PROBLEM TO SOLVE.
Return the lines of the listing below exactly as they appear, beginning at the one with "Nathan Elliott" and stopping after the one with "Star Wars: The"; do not include pictures.

PROVIDED ENTRIES.
----------------------------------------

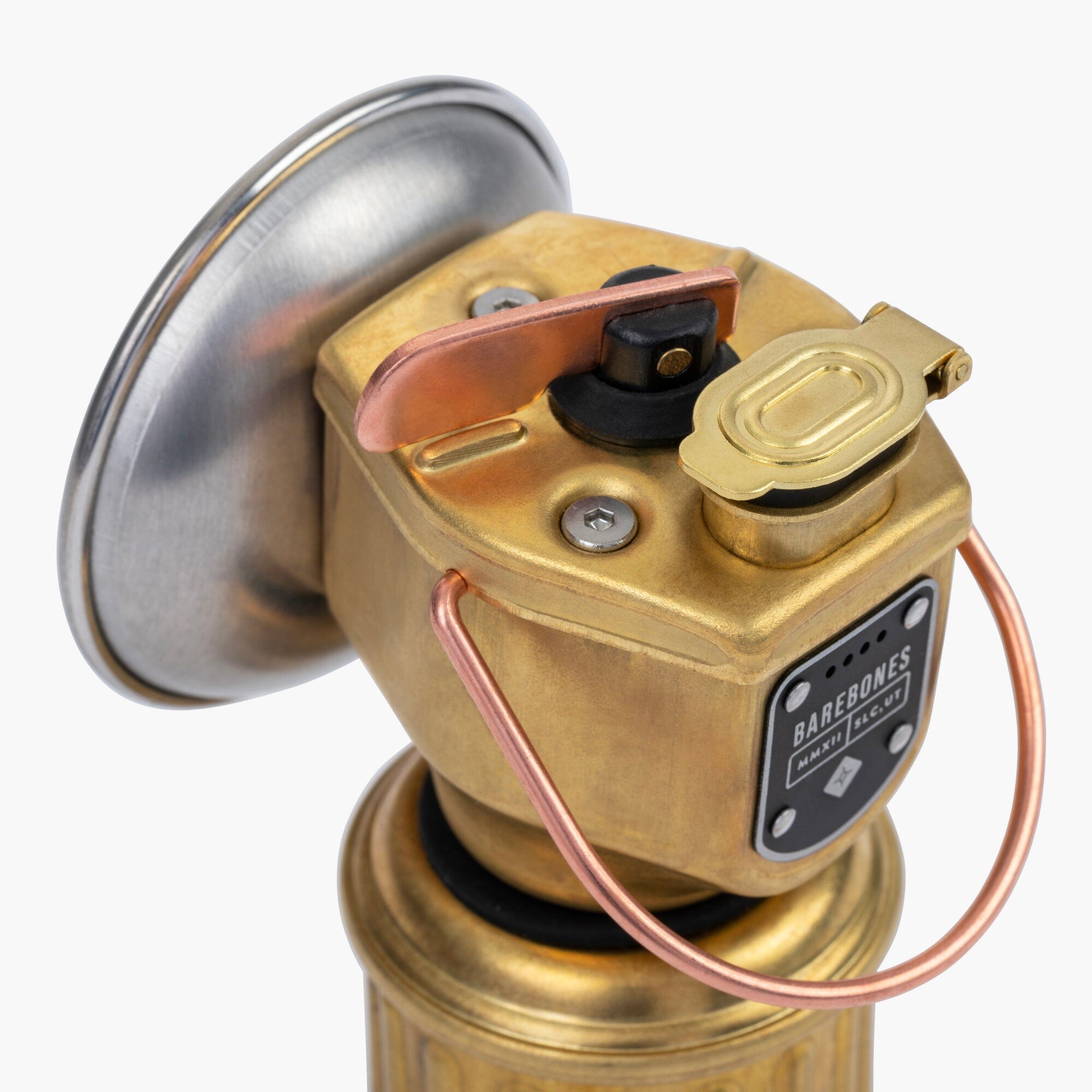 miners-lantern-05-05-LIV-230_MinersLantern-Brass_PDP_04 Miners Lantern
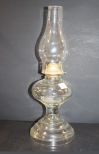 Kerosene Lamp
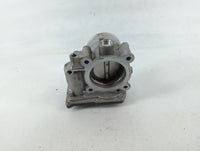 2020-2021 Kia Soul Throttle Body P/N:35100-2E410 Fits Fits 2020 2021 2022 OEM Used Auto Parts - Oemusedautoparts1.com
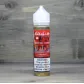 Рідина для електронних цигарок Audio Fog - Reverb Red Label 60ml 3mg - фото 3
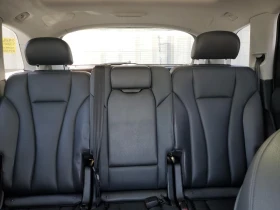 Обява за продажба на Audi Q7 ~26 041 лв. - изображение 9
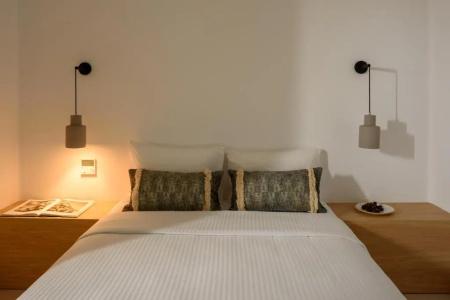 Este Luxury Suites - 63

----------------------------------------

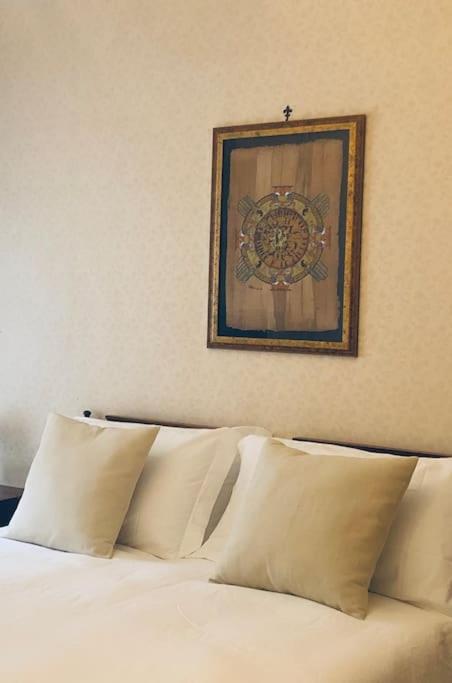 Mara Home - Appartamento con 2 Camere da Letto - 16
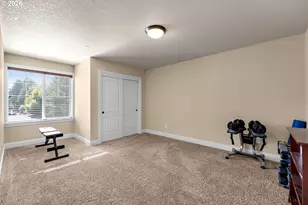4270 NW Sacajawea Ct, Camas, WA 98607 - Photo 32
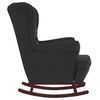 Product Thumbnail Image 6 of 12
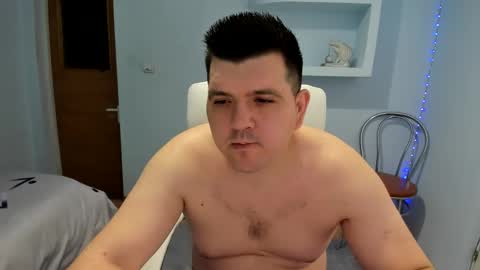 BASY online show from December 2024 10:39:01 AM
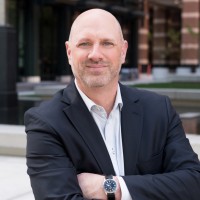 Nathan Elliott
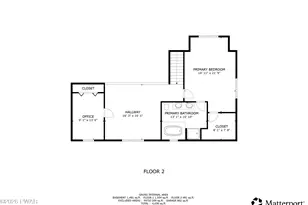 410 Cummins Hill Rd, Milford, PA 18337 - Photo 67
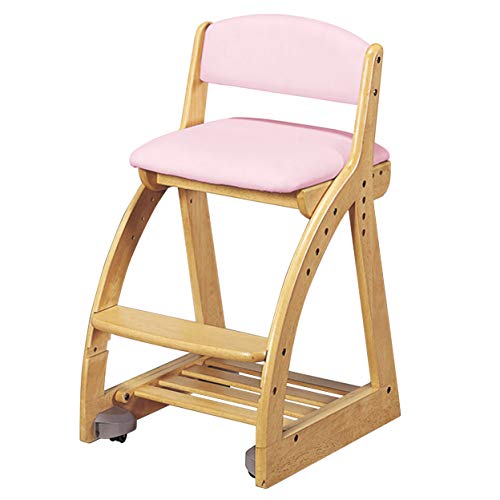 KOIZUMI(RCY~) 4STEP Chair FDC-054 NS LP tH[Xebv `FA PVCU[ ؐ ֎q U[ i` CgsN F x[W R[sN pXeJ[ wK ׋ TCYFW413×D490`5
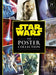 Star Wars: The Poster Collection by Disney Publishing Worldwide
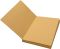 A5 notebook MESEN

----------------------------------------

SOLUTION BELOW.
 Nathan Elliott
 410 Cummins Hill Rd, Milford, PA 18337 - Photo 67
 KOIZUMI(RCY~) 4STEP Chair FDC-054 NS LP tH[Xebv `FA PVCU[ ؐ ֎q U[ i` CgsN F x[W R[sN pXeJ[ wK ׋ TCYFW413×D490`5
 Star Wars: The Poster Collection by Disney Publishing Worldwide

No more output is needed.